Quote Originally Posted by Johnny87au View Post
If you look at martin's pics one pump does feed into the other, which is series.. Similar to the dual bay xspc reservoir i've owned and never had any real issues..
Yes, but that looks like an inlet to the res that feeds the pump, rather than the pump inlet itself - if you look at testing for restops for a single DDC, you'll see that the XSPC res top always comes out on top because of that little tube which dumps water straight into the inlet of the pump. I would assume the same logic would apply to dual pumps - pumping into inlet is better for flow/pressure than pumping into res chamber that feeds inlet.

Quote Originally Posted by Martinm210 View Post
Will need some testing, but I don't think the res filled amount matters as long as it's adequate to prevent air from pulling out the outlet. I suppose there might be some frictional energy loss dumping into a reservoir, but the pressure energy remains regardless.
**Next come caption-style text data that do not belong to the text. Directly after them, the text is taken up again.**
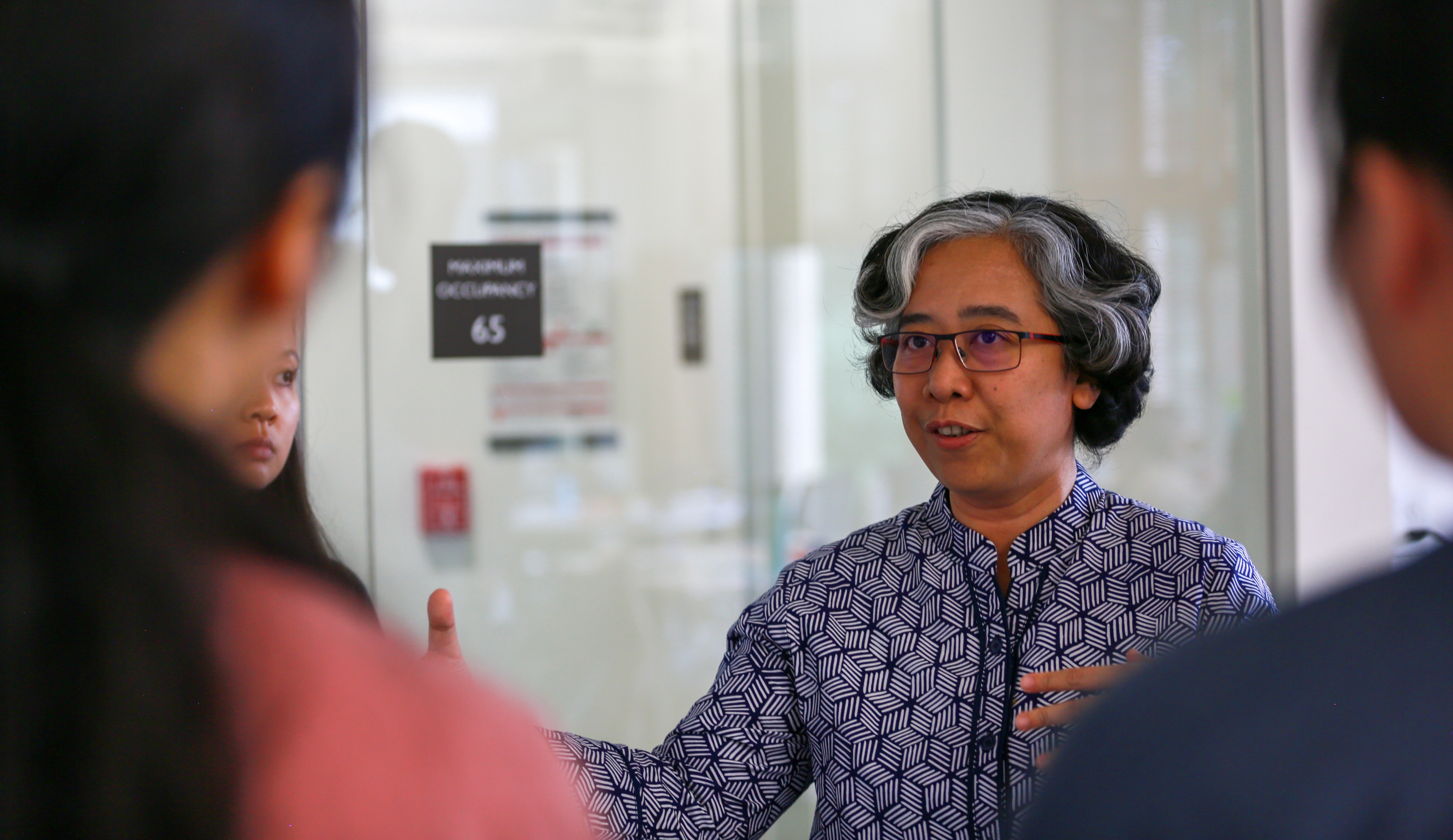 Dian Rositawati talking to a group of people. She is wearing a patterned shirt and glasses, and gesturing with her hands.
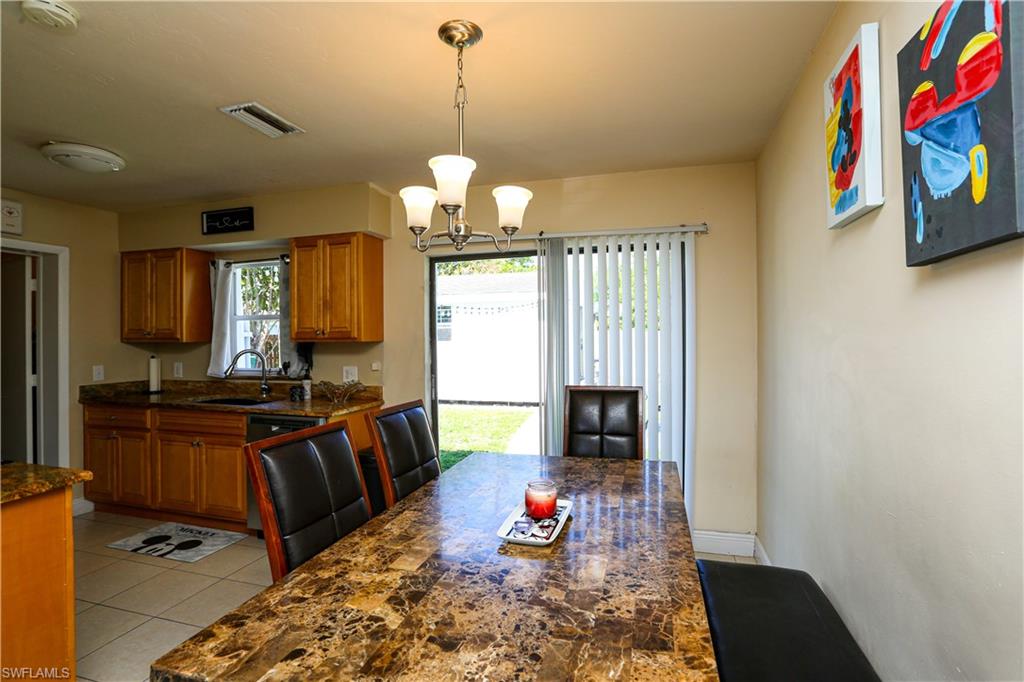 5140 20th Court Southwest Naples, FL 34116 - Photo 12 of 33 a view of a living room and dining room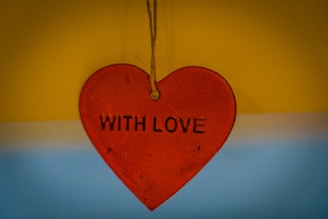 A red heart-shaped pendant hangs by a string against a backdrop that blends yellow and blue. The words 'WITH LOVE' are embossed in the center of the heart.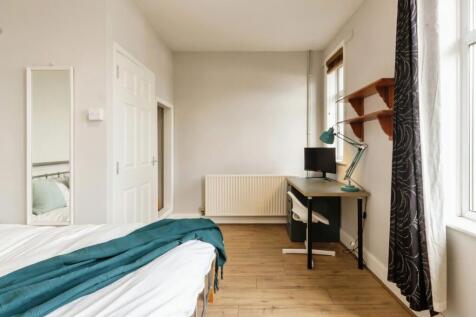 A bright and tidy bedroom featuring a large win...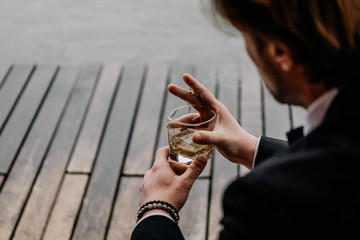 Concentrated Bearded Man Holds A Cigarette. Handsome Guy Holds A Cigarette Smoking. Bottle Of Whiskey. Side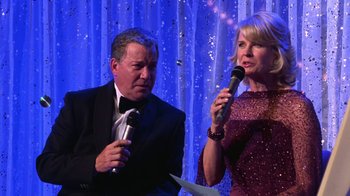 Movie still from “Miss Congeniality” (2000), directed by Donald Petrie – A man and a woman holding microphones in front of a curtain; Medium shot, High angle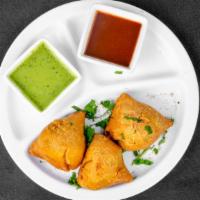 Samosa (3 Pieces) · Deep fried pastry stuffed with mildly spiced potatoes, green peas, and garden herbs.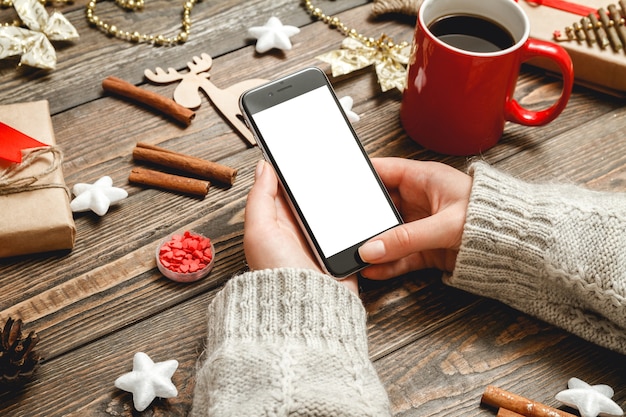 Manos femeninas utiliza el teléfono sentado en una mesa con accesorios navideños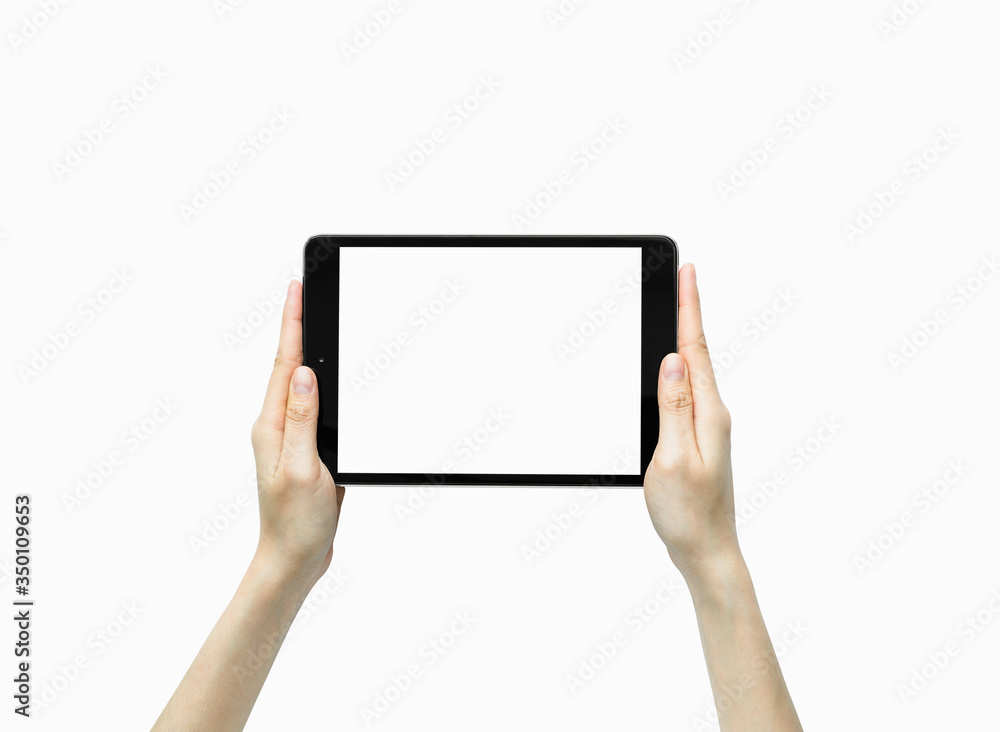 Close-up of hand holding black tablet isolated on white background. Close-up of hand holding black tablet isolated on white background.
I also think you'll get roughly the same thing with separate pumping loops but shared reservoir. I personally would probably keep two loops and just share the reservoir to maximize CPU flow rates. The only real benefit to series is to have redundant pumping. With an rpm sensor, it's pretty simple to connect that to the cpu fan header and set a shutdown rpm.

Anyhow, I don't know much about these...just speculating.
Will certainly need testing, I agree. I see this as essentially being the same as running 2 pumps in series but having pump 1 dump water into a reservoir that feeds pump 2 - which is something nobody has really tested before because there hasn't been any reason to. As for benefits of series, don't the older EK Supreme's benefit a lot from the extra pressure?

Anyways Tim from Koolance, sorry for the derailing the thread slightly. I'm just very interested in these small details that are, from a max-OC/temp standpoint, largely inconsequential.